After multiple fruitless trips to Busch Stadium this season without seeing a Cardinals win, that changed in a critical Game 4 of the National League Division Series that afternoon.
I finally got to see the home team come away with a winner, besting the Atlanta Braves, 5-4, in 10 innings.
Few things can compare with that first baseball game of the spring, at the start of a new season, but playoff baseball is right up there.
However, the two are horses of completely different colors.
Spring for each team is filled with eternal optimism for the season to come and every fan is watching through rose-colored lenses, knowing that their team either has months to turn things around and become a contender or prove that they’re already there.

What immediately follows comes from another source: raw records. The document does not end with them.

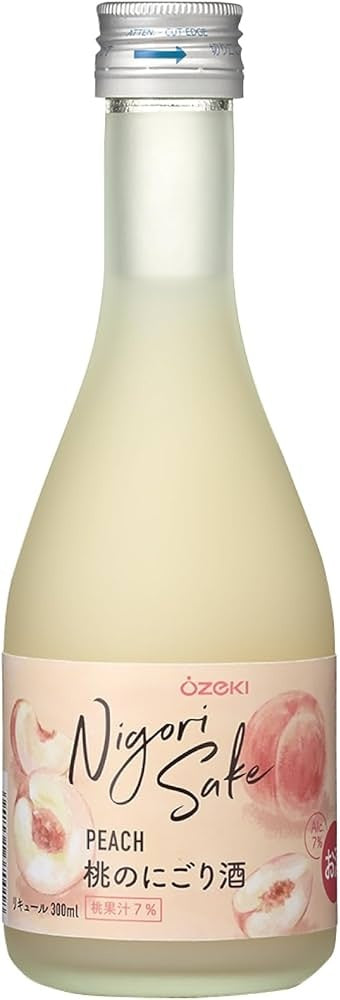 Nigori Sake Peach 300ml Ozeki - Alc 7%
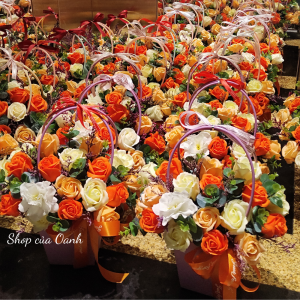 Giỏ hoa sáp thơm để bàn Hoa tặng người yêu Quà 8 tháng 3 tặng mẹ thơm lâu [Hỏa tốc2H] hoa tặng sinh nhật đẹp hoa tặng mẹ 8/3 20/10 quà 8 3 tặng cô hoa sáp thơm 4 lớp cao cấp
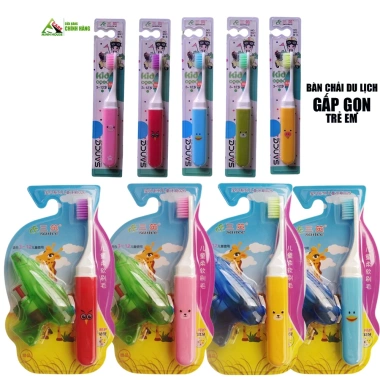 Bàn chải đánh răng du lịch gấp gọn lông mềm trẻ em Kids Minh House Care, giá chỉ 40.000đ giảm từ 48.000đ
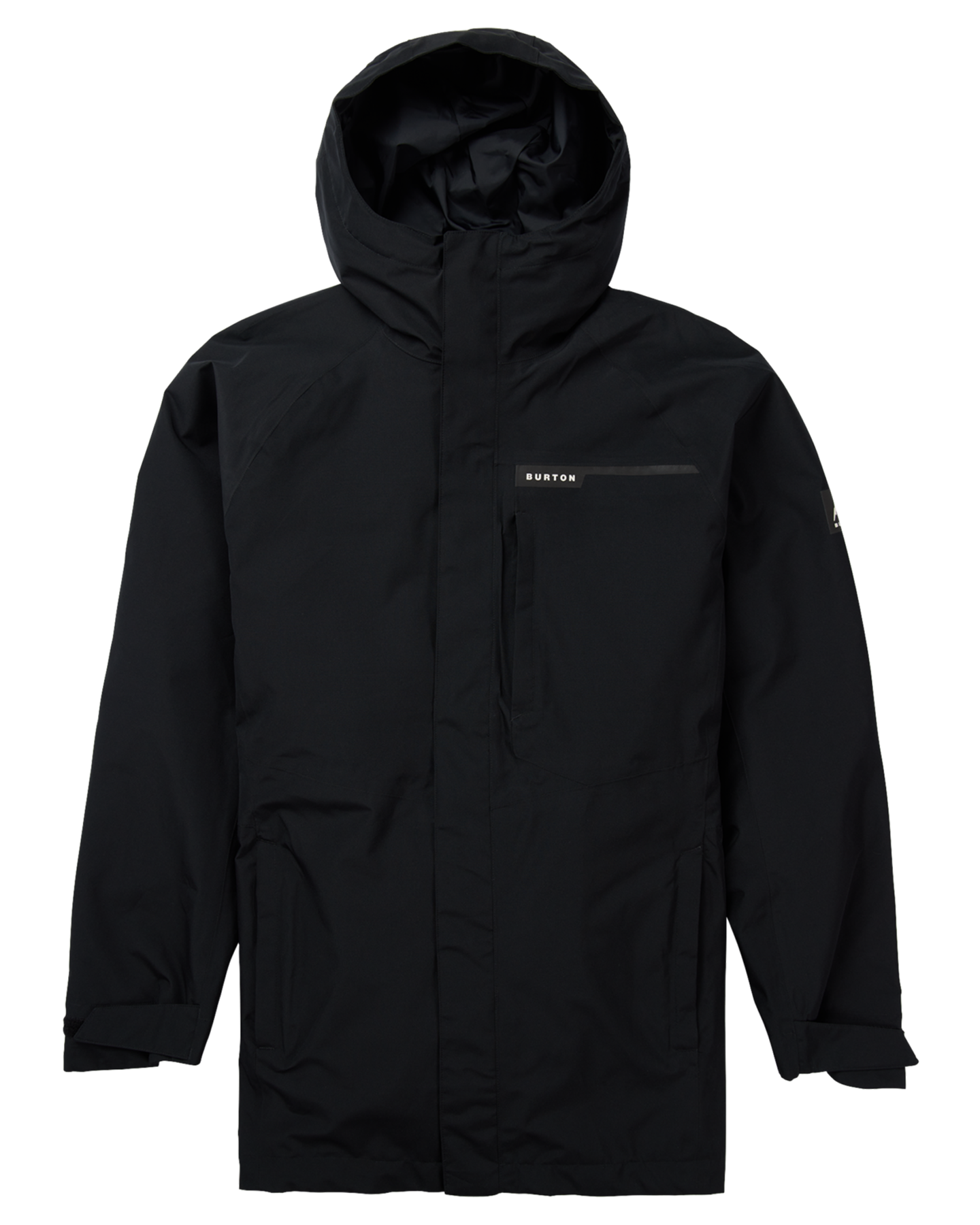 Burton Veridry 2L Rain Snow Jacket - True Black - 2023 Snow Jackets - Mens - SnowSkiersWarehouse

Baseball in October is gut-wrenching and visceral. The emotional dial is cranked all the way up to 11 and every play can be a heart-pounding adventure. The season hangs on every pitch and every swing of the bat.
Monday exemplified all of that, especially with the hometown Cardinals having their backs against the wall in a must-win game, trailing the Braves 2-1 in the series.

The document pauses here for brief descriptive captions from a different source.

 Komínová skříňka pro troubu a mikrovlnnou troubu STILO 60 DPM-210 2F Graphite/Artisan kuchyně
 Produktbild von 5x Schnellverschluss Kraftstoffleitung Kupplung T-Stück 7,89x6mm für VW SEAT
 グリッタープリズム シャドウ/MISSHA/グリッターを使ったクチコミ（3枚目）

The Cardinals were playing to extend their season for one more game and early on they gave the Busch Stadium faithful a reason to be exuberant with back-to-back home runs by Paul Goldschmidt and Marcell Ozuna in the first inning.
Ozuna’s home run sailed all the way up into the third deck, on par with Big Mac Land (or rather Big Ac Land currently thanks to Paul Dejong), but just a few seats over from the foul pole.

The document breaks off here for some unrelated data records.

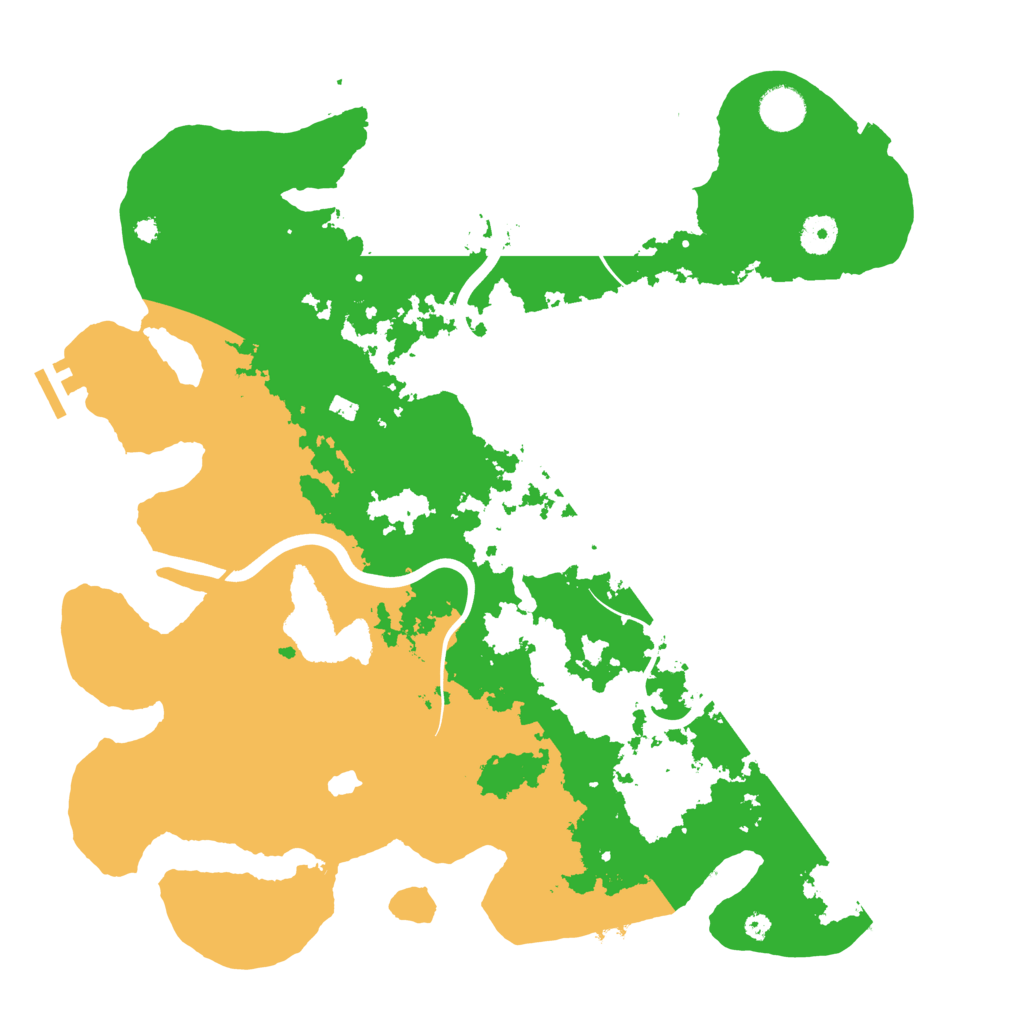 Biome Rust Map: Procedural Map, Size: 4000, Seed: 10195986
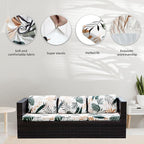 8Pcs Stretch Patio Cushion Covers, Outdoor Couch Covers Replacement, Outdoor - Image 3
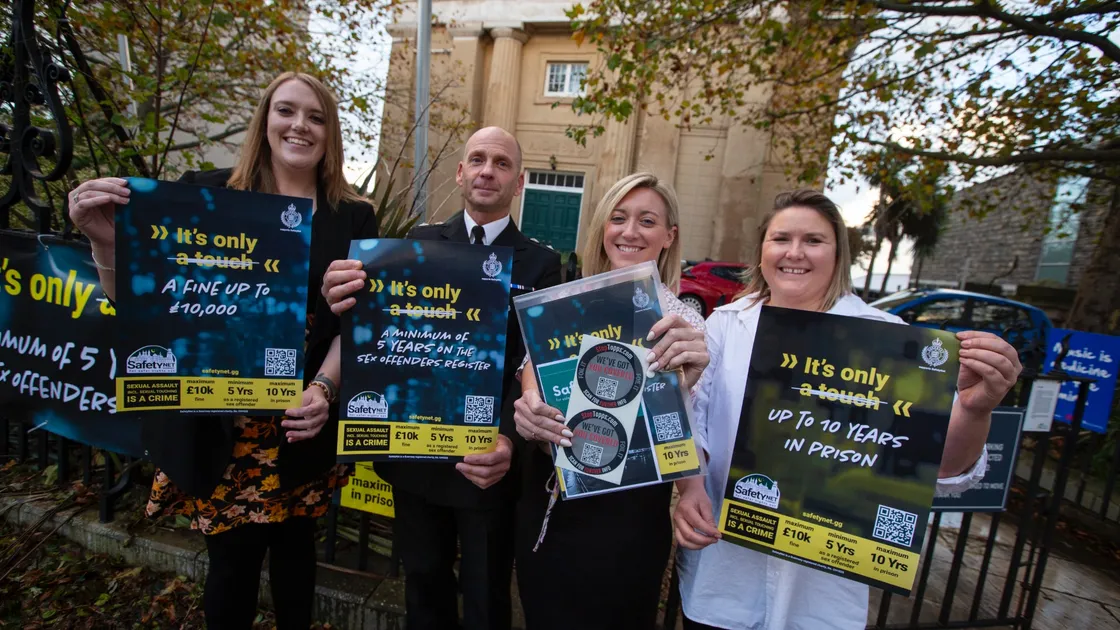 L-R: Poppy Murray (Safety Net chair), Ian Scholes (deputy chief of police), Charlie Cox (Sexual Assault Referral Centre manager) and Jenny Murphy (Victim Support & Witness Service manager). (Picture by Luke Le Prevost, 32699000)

A home run getting up that far and that high is still a marvel to behold, even in this day and age where home runs are longer and more plentiful with this year’s baseball reportedly having a lower coefficient of drag.
There were still more smiling faces when Ozuna delivered a second home run a couple of innings later.
The situation got more dire though in the fifth inning as the Braves came back to take a 4-3 lead. All around me, smiles turned to nervous groans as everything started to go the Braves way.
A ball bounced off third base and away from Matt Carpenter for a Braves double. Another ball deflected off Carpenter’s chest for another infield hit. Then, a ball snuck in under the glove of Dexter Fowler in center field.
It was enough to seem like some higher power was working against the Cardinals through the fifth, sixth and seventh innings.
But perhaps there is no higher power in St. Louis than Yadier Molina.
Molina is not going to hit 40 home runs in a season. He’s not going to drive in 100 runs. But when the game is on the line, he’s one of the best hitters any team could hope to send up to the plate.
You need a run to tie the game in the bottom of the eighth? Watch Molina lace a slow line drive just out of reach of Braves first baseman Freddie Freeman to drive in a run from second base.
You need a run to win it in the bottom of the 10th? Pay attention as he turns on a first-pitch fastball and drives it to the warning track for a game-winning sacrifice fly.
Molina delivered in both those situations Monday and reinforced yet again his legendary status, not just in the Gateway City, but on a national stage.
Instantly, after that game-tying single, gone from the stadium were the nervous groans. That spring-like hope was suddenly shining once again on more than 40,000 faces.
A little uncertainty crept back in when the Cardinals called upon closer Carlos Martinez in a tied game in the top of the ninth and there was a mixed reaction to the announcement. Martinez, who struggled at points during the regular season, barely closed out the Braves in the first game of the series in Atlanta last week after allowing three runs in the bottom of the ninth to hold on for a one-run win. He then blew the save Sunday in Game 3 and came into Monday’s game with a playoff ERA of 23.50.
While the faith in Martinez was tenuous, he managed to get through the inning with the tie intact before turning the ball over to Miles Mikolas for the 10th.
The hope steadily built from there and then reached a fever pitch when Kolten Wong led off the bottom of the 10th inning with a double. It became too much to contain as the situation evolved to runners on first and third with one out and Molina coming to the plate.
Then, the magic happened. Molina collected the game-winning RBI and while the crowd didn’t necessarily “Go Crazy,” they did go home happy.
As Cardinals fans, we’ve been spoiled by being able to witness a bevy of moments like that through numerous playoff games through the years. Yet, it never gets old.
And the best part is, it means the season goes on with a chance for even more to come in Game 5 on Wednesday and beyond.